▶ EXERCISE INPUT
★ ★ ★

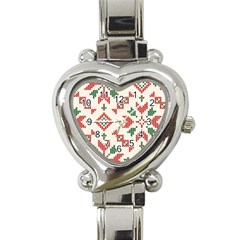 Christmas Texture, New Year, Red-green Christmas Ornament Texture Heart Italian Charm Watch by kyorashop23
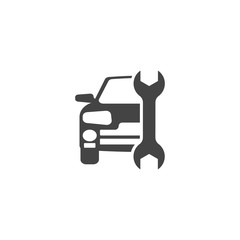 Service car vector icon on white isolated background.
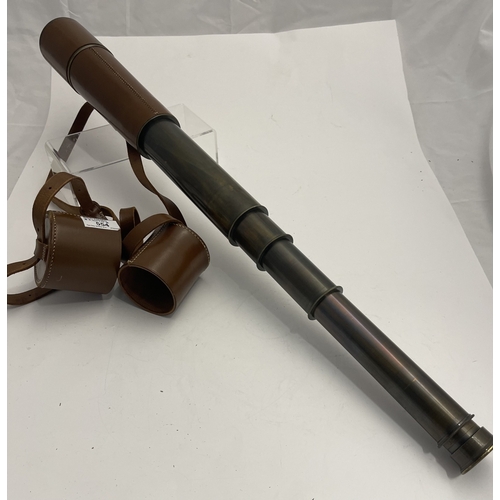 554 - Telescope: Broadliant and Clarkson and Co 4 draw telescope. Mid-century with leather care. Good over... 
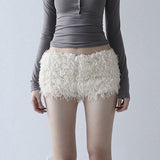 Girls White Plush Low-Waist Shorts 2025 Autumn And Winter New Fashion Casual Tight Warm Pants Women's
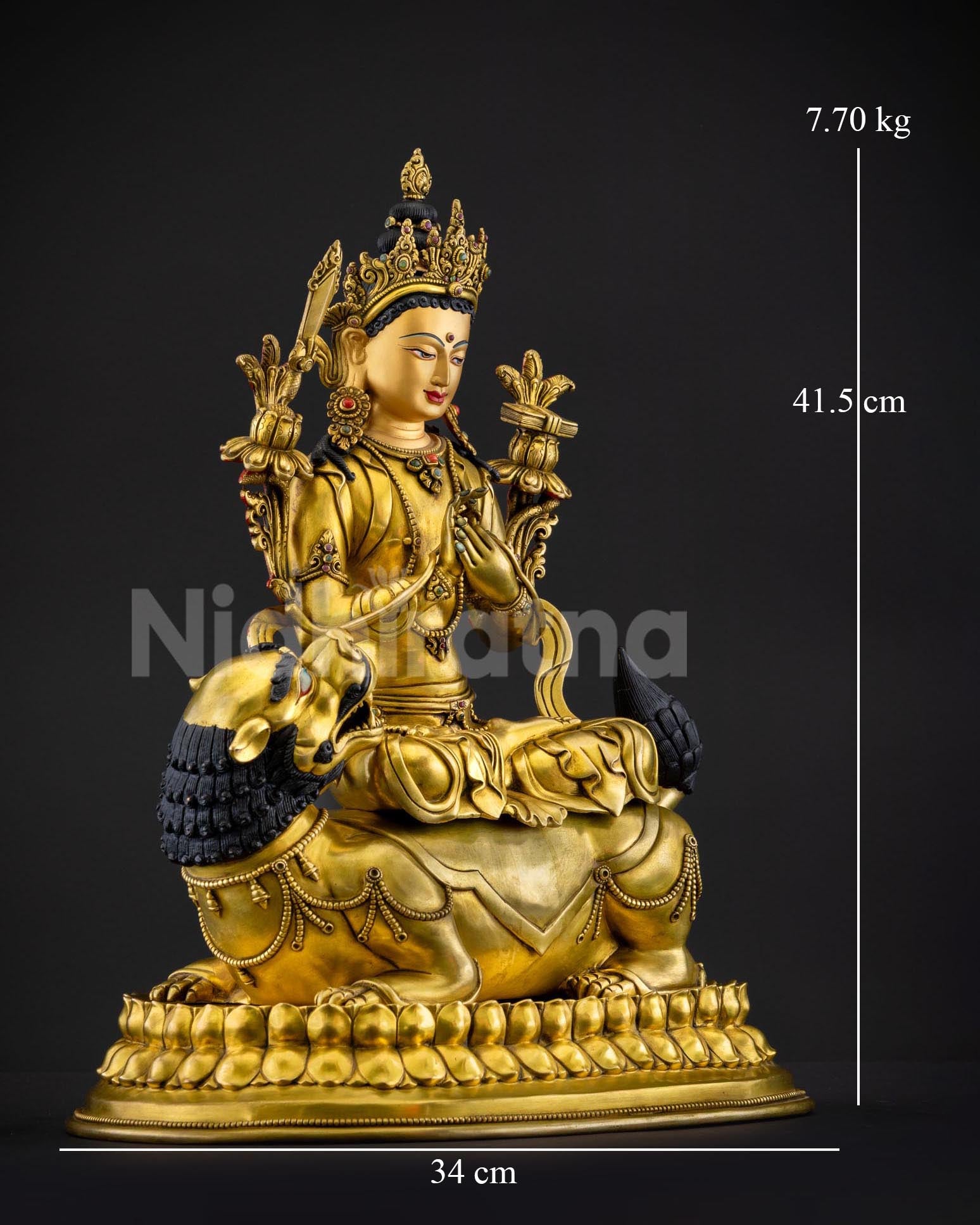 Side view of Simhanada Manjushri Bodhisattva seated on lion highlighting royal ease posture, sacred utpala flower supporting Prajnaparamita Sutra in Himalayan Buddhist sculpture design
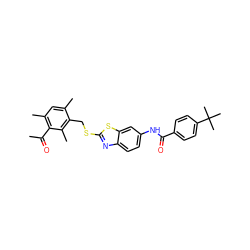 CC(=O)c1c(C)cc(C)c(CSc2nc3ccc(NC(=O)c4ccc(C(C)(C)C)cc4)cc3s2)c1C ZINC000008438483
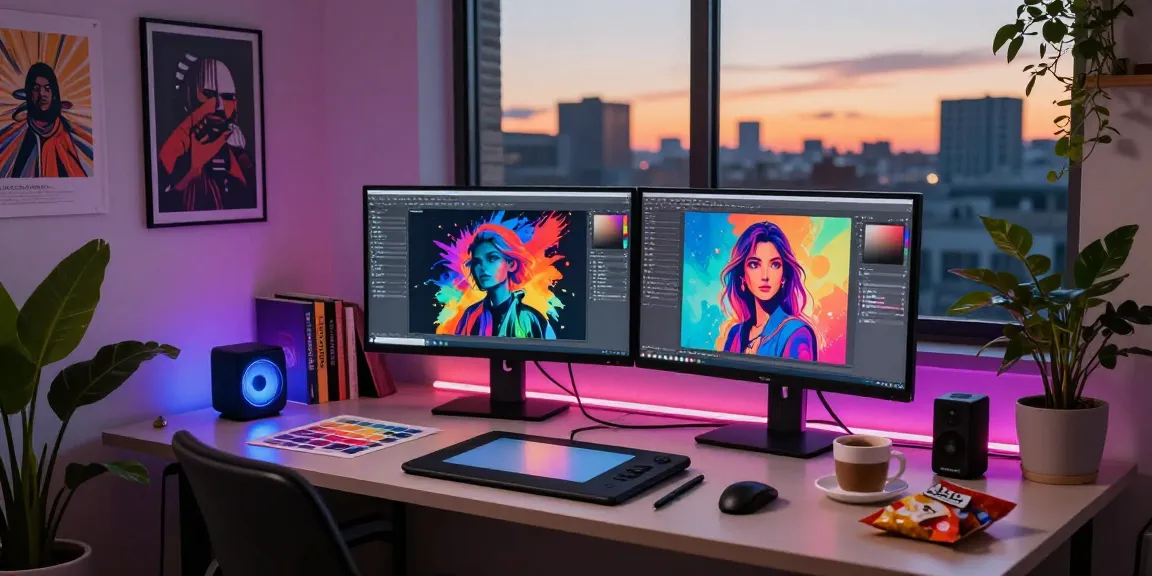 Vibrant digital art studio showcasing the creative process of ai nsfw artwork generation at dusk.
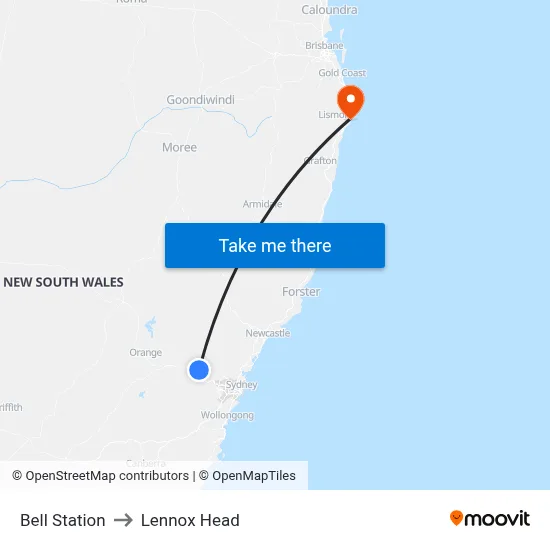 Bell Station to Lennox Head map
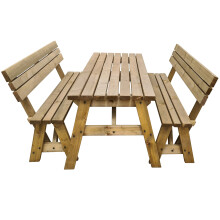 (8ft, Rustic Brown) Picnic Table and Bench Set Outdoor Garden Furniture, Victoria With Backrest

★ ★ ★

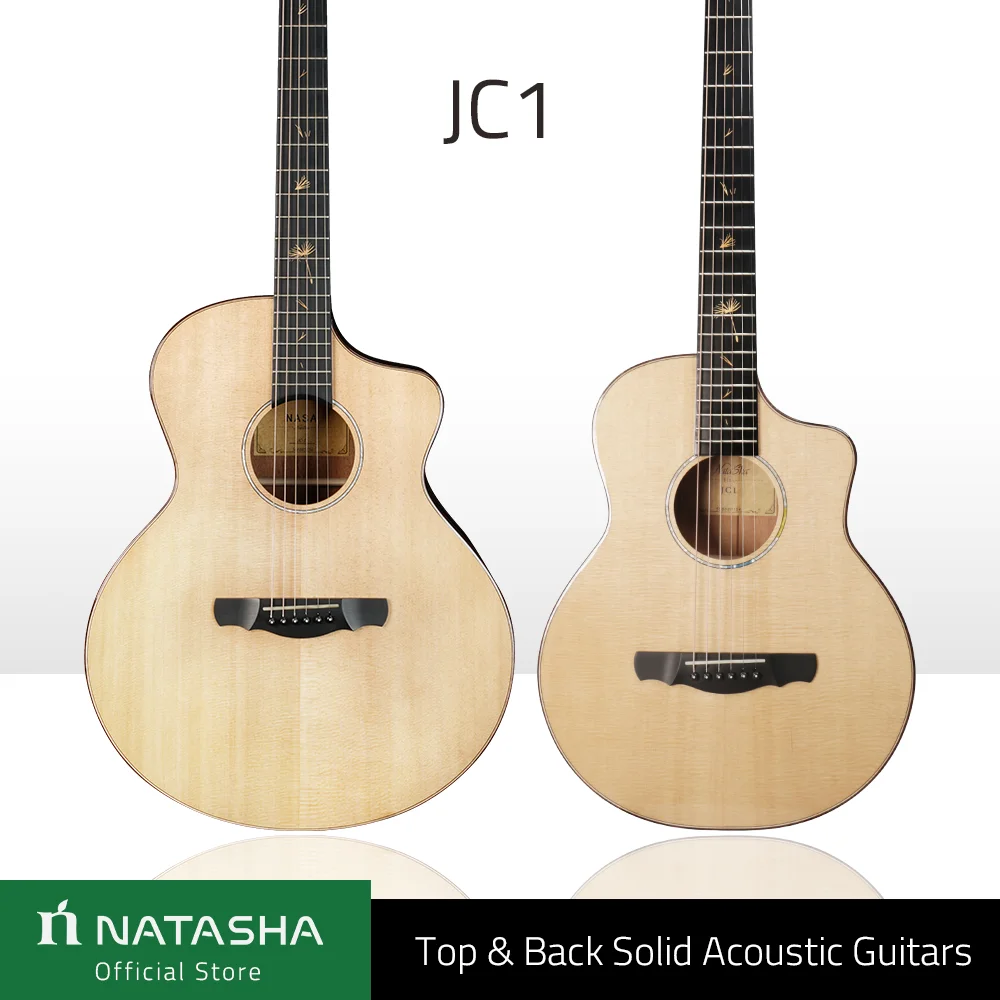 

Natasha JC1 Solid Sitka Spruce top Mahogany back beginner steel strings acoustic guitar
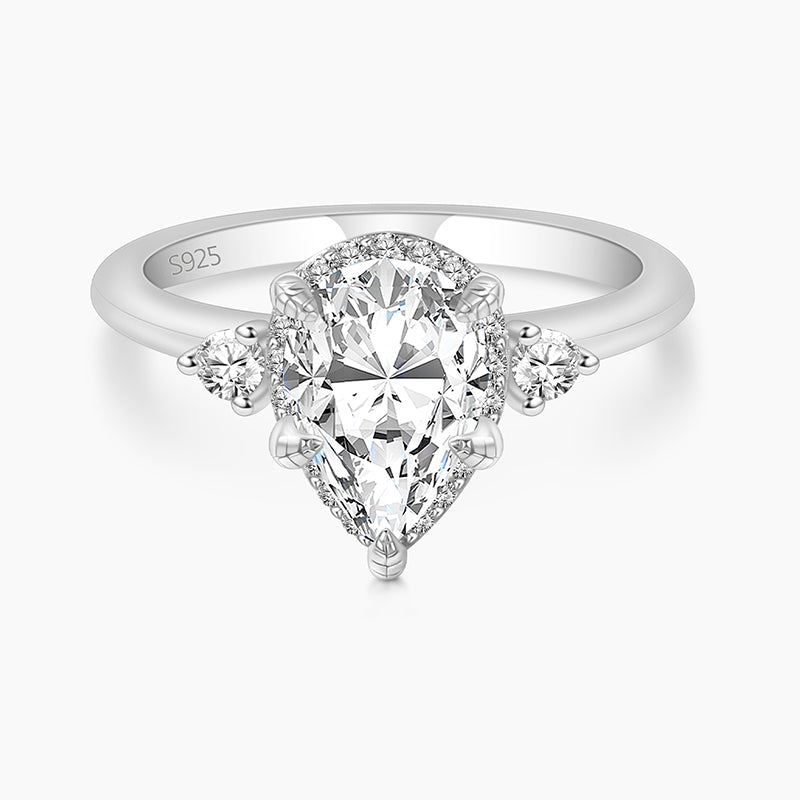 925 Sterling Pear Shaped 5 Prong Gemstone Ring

★ ★ ★

▶ ASSIGNED TASK
In the records above, find the line with "Side view of" and the line with "(8ft, Rustic Brown)"; please transcribe exactly those two lines and all lines between them, omitting any picture.

▶ COMPLETED TASK
 Side view of Simhanada Manjushri Bodhisattva seated on lion highlighting royal ease posture, sacred utpala flower supporting Prajnaparamita Sutra in Himalayan Buddhist sculpture design
 CC(=O)c1c(C)cc(C)c(CSc2nc3ccc(NC(=O)c4ccc(C(C)(C)C)cc4)cc3s2)c1C ZINC000008438483
 Vibrant digital art studio showcasing the creative process of ai nsfw artwork generation at dusk.
 Bell Station to Lennox Head map
 (8ft, Rustic Brown) Picnic Table and Bench Set Outdoor Garden Furniture, Victoria With Backrest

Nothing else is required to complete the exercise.